Scanning a large range with Locality API hangs

Hello!

I need to scan a huge keyrange in fdb. Because such volume of data can not be processed within a 5-seconds limit, I divide the source keyrange to smaller pieces with LocalityUtil.getBoundaryKeys and then I process the pieces. The database is not changed during the scan so I do not warry about consistency.

When I make some code like this (in java)

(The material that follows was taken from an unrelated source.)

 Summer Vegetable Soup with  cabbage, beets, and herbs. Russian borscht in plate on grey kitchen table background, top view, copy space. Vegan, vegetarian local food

final CloseableAsyncIterator<byte[]> boundaryKeysIter = LocalityUtil.getBoundaryKeys(db, keyFrom, keyTo);
byte[] laskKey = keyFrom;

while (boundaryKeys.hasNext()) {
  final byte[] nextKey = boundaryKeys.next();
  // do something long with the range lastKey .. nextKey
  lastKey = nextKey;
}
// do something long with the range lastKey .. keyTo

The problem is boundaryKeysIter.hasNext() hangs after about 1500 iterations.

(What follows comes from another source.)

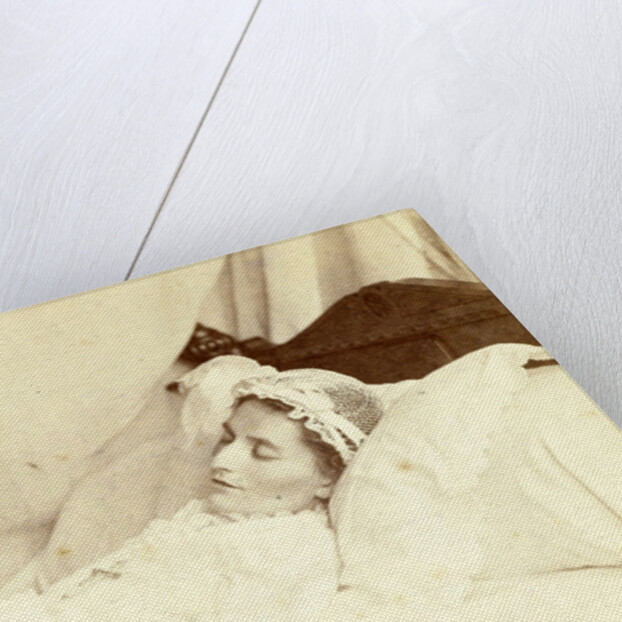 Post mortem portrait of a deceased woman; she is wearing a hat and holding a bunch of roses and a rosary between her clasped hands by Anonymous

If I modify my loop to iterate over AsyncUtil.collectRemaining(boundaryKeysIter).get() intead of direct iterationg of boundaryKeysIter then my loop works without hang, but this solution will not work when the boundaryKeys collection does not fit to memory.

Seems boundaryKeysIter hangs aftersome period of time. When I do something long during iteration then some transactional timeout occur. But I’d prefer to receive an exception for reinitialising boundaryKeysIter from lastKey and not hang.

What is the right way of iterating through large range keys?

I’m not sure about boundaryKeysIter behavior, but scanning large amount of data is quite common pattern. You will find lot of discussions around it in the forum. For example see this for one of the approaches:

Thank you for the fast answer.

I read the topic Large Range Scans - avoid 5s limit
and I saw this snipped. Its problem is processing of each key sequencionally.

I’d like to iterate subranges (not individual keys) sequencially and to start processing of each subrange in parallel with limitation of the number of ranges are processed simultaneously. So sometimes I have to wait until some ranges finished so it takes some time and makes getBoundaryKeys.hasNext hangs.